本屋ですぐに母が話していた本だと気付いて購入し、読み始めたら驚いた。
舞台の町が、私たち一家が暮らしていた実在の町だったのだ。
お話のなかでは、町の中の様子が忠実に描かれていた。なじみのお店、図書館、駅や山、川の風景。直接には書かれていない空気やにおいまでわかるようだった。
本の中のあちこちに子供時代からの私たち一家の思い出が重なり、私と妹と父は、ぽつぽつとその話をした。例によって重ならない思い出もあったけれど、本当はこれを私たちとしたかっただろう母の代わりに、懐かしんだ。
 
これらの本以外にも何冊か私たちは紹介しあったが、いつの間にか湖の底に定住するのはやめ、さらに十数年経った、先日。

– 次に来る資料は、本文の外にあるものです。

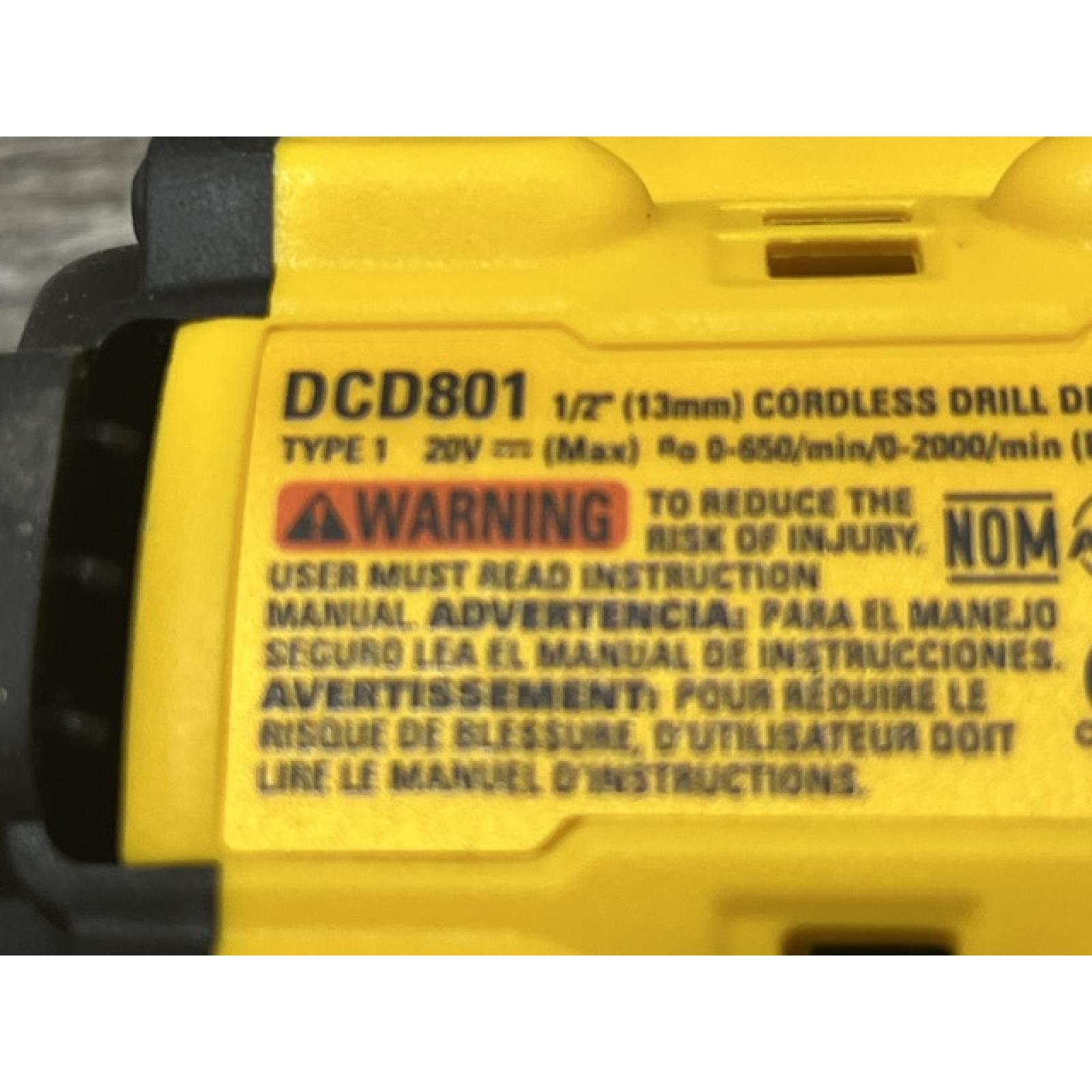 AS-IS DEWALT 20V MAX XR Lithium-Ion Brushless Cordless 1/2 in. Drill/Driver Kit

私は実家の父の本棚に、西川美和の『永い言い訳』を見つけた。
作者は監督としてこれを映画にしていて、私は映画のほうを観たことがあった。
浮気ばかりしていた男が、妻を突然の事故で亡くし、同じ境遇の家族と知り合ったことで自分を見つめなおしていく話だ。
 
本を見つけたときは、ちょっと、どきりとした。
この本を読んで、父はかつての夫として何を思ったのだろう?
多趣味で元気そうに日々過ごしているが、実は、もしかして今も湖の底にいるのだろうか?
一瞬いろいろな思いがよぎったが、私は本を棚に戻し、そのまま父には何も聞かなかった。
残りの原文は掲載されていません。